# Use AI21's Azure Client with Jamba 1.5 Large and Jamba 1.5 Mini through Azure AI Models-as-a-Service

Use AI21's Azure client to consume Jamba 1.5 Large or Jamba 1.5 Mini deployments in Azure AI and Azure ML through serverless API endpoints delivered through Models-as-a-Service (MaaS).

> Review the documentation for Jamba 1.5 models for [AI Studio](https://aka.ms/ai21-jamba-1.5-large-ai-studio-docs) and for [ML Studio](https://aka.ms/ai21-jamba-1.5-large-ml-studio-docs) for details on how to provision inference endpoints, regional availability, pricing and inference schema reference.
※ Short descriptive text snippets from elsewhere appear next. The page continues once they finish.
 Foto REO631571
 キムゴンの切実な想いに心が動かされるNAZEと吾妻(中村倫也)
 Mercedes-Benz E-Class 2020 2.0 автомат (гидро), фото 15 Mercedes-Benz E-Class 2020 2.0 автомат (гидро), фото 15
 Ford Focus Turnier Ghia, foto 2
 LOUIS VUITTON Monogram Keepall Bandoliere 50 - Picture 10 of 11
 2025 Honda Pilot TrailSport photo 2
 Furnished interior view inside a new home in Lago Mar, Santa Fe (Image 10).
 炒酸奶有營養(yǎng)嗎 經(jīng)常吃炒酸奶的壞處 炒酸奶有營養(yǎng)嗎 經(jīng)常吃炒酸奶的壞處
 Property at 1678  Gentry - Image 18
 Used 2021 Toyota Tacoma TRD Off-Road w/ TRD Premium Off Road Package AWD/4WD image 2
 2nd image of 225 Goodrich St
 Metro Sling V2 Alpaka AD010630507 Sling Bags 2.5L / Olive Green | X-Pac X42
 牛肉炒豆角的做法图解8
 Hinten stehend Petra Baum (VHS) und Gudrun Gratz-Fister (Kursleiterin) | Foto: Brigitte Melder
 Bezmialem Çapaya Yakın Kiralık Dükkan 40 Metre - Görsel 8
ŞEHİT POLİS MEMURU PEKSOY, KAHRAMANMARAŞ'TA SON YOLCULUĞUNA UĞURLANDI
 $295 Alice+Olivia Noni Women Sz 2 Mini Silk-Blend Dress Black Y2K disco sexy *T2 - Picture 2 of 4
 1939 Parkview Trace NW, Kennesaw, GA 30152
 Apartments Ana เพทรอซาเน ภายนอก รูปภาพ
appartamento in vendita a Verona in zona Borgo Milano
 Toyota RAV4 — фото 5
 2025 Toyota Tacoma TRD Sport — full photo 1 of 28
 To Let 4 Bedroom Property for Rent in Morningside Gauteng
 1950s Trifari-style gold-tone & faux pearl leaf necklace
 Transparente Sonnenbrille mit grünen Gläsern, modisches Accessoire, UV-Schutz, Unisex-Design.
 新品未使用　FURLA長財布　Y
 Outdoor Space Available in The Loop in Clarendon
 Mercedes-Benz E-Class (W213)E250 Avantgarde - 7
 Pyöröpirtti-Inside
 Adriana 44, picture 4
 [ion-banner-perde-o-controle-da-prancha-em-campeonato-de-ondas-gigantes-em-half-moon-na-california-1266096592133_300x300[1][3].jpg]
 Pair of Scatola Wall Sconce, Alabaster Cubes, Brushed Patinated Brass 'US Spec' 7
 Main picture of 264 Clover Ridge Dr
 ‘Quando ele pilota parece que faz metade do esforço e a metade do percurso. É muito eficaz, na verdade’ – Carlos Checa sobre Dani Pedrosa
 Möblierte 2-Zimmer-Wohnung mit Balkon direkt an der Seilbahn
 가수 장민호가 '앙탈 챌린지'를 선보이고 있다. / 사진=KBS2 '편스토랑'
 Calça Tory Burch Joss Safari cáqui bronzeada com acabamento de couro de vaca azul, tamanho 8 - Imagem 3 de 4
The below samples are seen on [AI21's GitHub](https://github.com/AI21Labs/ai21-python/tree/main/examples/studio) and shared here for ease of use with their Azure client.

## Prerequisites

Before we start, there are certain steps we need to take to deploy the models:

* Register for a valid Azure account with subscription 
* Make sure you have access to [Azure AI Studio](https://learn.microsoft.com/en-us/azure/ai-studio/what-is-ai-studio?tabs=home)
* Create a project and resource group
* Select `AI21 Jamba 1.5 Large` or `AI21 Jamba 1.5 Mini`

    > Notice that some models may not be available in all the regions in Azure AI and Azure Machine Learning. On those cases, you can create a workspace or project in the region where the models are available and then consume it with a connection from a different one. To learn more about using connections see [Consume models with connections](https://learn.microsoft.com/en-us/azure/ai-studio/how-to/deployments-connections)

* Deploy with "Pay-as-you-go"

Once deployed successfully, you should be assigned for an API endpoint and a security key for inference.

For more information, you should consult Azure's official documentation [here](https://aka.ms/ai21-jamba-1.5-large-azure-ai-studio-docs) for model deployment and inference.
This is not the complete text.